The CBN said the expected improvement in external reserves
would be driven largely by reduced pressure in the FX market, anchored on a
combination of higher oil receipts, sovereign bond issuances and steady
diaspora remittance inflows. It added that the ongoing expansion of the Dangote
Refinery’s nameplate capacity to 700,000 barrels per day from 650,000 barrels
per day in 2025, and ultimately to 1.4 million barrels per day in the medium
term, would further strengthen reserve accretion.
According to the bank, recent reforms in the FX market are
expected to further enhance efficiency and transparency, narrow the premium
between the Nigerian Foreign Exchange Market (NFEM) and Bureau de Change (BDC)
rates, and sustain exchange rate stability. Improved domestic refining capacity
is also expected to significantly reduce foreign exchange demand for fuel
imports, thereby easing pressure on the reserves.
The CBN said Nigeria’s external balance is expected to
remain positive in 2026, supported by robust export growth and steady
remittance inflows. It noted that the projected rise in export earnings hinges
on increased crude oil and gas output, as infrastructure improvements and
better security around oil installations boost production.
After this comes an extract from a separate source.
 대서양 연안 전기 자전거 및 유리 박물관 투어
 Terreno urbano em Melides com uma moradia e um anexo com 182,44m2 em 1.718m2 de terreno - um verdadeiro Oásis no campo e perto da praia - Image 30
Overall, the external position is expected to benefit from
improving demand conditions in major trading partner economies, reinforced by a
projected uptick in foreign investments.
The current account balance is projected to record a higher
surplus of $18.81 billion, representing 11.16 percent of gross domestic product
(GDP) in 2026, compared with a surplus of $16.94 billion, or 10.94 percent of
GDP, in 2025. This outlook is underpinned by steady diaspora remittances and
increased export receipts.
In the goods account, export receipts are projected to rise
to $58.26 billion in 2026 from $54.59 billion in 2025, driven by stronger oil
and non-oil exports. Oil export earnings are expected to improve on the back of
higher domestic crude oil production, supported by improved security around oil
facilities and sustained investments in the sector. In addition, the
commencement of petroleum products exports in 2025 is expected to further lift
export earnings.
For non-oil exports, the CBN said sustained growth in
agricultural commodity and fertilizer exports is expected to boost receipts.
The recently launched National Export Trading Company, aimed at addressing
persistent gaps in the export value chain, as well as the National Intellectual
Property Policy designed to support creative exports, are expected to further
strengthen non-oil export performance.
Imports are projected to increase to $43.27 billion in 2026
from $39.92 billion in 2025, reflecting anticipated higher demand for capital
goods and intermediate inputs as economic activity strengthens.
The services account deficit is expected to widen to $13.68
billion in 2026 from $12.80 billion in 2025, driven by higher payments for
business and transport services. The rise in business services payments
reflects Nigeria’s increasing demand for research and development services,
while payments for transport services are expected to rise in line with higher
freight charges associated with increased imports of non-oil merchandise.
The primary income account is projected to remain in deficit
at $8.62 billion, due to higher investment income payments to non-resident
investors, as relatively attractive yields continue to attract foreign
portfolio inflows.
Meanwhile, the positive performance of the secondary income
account is expected to be sustained in 2026, with a projected surplus of $26.13
billion compared with $23.82 billion in 2025. This projection is based on
anticipated growth in diaspora remittances through formal channels, as well as
higher inflows of general transfers, particularly those linked to preparations
for national elections.
The financial account is expected to remain in a net
borrowing position of $10.15 billion, reflecting higher portfolio inflows and
new external borrowings by the government, the CBN added.